- DIRECTIONS -
Only the lines below starting at the one that contains "Meadow Hay - 10l" and ending at the one that contains "CÁN MÀNG UV – BỀN GẤP 3 LẦN - INUV247" are to be reproduced, exactly and with both ends kept.

- SOURCE MATERIAL -
- - - - -

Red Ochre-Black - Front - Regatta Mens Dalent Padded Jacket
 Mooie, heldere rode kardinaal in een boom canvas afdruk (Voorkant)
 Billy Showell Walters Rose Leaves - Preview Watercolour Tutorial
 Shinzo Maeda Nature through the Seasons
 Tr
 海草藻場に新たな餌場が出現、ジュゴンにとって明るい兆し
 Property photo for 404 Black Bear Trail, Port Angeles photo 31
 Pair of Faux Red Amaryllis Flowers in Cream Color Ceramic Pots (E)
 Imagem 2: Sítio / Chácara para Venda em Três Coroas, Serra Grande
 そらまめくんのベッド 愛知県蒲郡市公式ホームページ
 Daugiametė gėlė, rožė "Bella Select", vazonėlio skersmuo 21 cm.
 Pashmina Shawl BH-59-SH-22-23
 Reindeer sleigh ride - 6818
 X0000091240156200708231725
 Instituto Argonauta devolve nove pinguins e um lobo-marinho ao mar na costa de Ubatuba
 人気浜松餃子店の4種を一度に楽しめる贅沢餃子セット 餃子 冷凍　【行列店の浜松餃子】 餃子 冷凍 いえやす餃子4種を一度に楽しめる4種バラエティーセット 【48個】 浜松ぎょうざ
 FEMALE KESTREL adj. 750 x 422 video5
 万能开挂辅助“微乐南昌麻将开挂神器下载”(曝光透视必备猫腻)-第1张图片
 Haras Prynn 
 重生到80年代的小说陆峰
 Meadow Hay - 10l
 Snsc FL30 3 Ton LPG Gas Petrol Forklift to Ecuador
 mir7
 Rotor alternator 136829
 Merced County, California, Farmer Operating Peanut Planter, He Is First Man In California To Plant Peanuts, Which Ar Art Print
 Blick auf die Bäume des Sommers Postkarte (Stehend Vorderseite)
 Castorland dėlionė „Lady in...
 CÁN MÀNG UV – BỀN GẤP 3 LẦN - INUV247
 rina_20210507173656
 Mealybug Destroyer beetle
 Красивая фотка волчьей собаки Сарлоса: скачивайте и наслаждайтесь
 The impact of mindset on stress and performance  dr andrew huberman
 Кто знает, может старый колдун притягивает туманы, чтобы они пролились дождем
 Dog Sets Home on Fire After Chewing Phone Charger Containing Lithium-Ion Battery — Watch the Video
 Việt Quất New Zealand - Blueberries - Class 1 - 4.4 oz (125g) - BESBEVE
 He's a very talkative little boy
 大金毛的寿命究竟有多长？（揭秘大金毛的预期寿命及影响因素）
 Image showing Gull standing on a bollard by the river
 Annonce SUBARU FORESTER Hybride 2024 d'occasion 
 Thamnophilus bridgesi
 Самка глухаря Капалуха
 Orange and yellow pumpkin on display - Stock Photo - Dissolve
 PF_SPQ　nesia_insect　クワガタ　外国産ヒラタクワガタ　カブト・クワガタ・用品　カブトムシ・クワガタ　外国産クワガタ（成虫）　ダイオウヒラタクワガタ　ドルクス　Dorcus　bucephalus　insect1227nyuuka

- - - - -

- ANSWER TO THIS TASK -
 Meadow Hay - 10l
 Snsc FL30 3 Ton LPG Gas Petrol Forklift to Ecuador
 mir7
 Rotor alternator 136829
 Merced County, California, Farmer Operating Peanut Planter, He Is First Man In California To Plant Peanuts, Which Ar Art Print
 Blick auf die Bäume des Sommers Postkarte (Stehend Vorderseite)
 Castorland dėlionė „Lady in...
 CÁN MÀNG UV – BỀN GẤP 3 LẦN - INUV247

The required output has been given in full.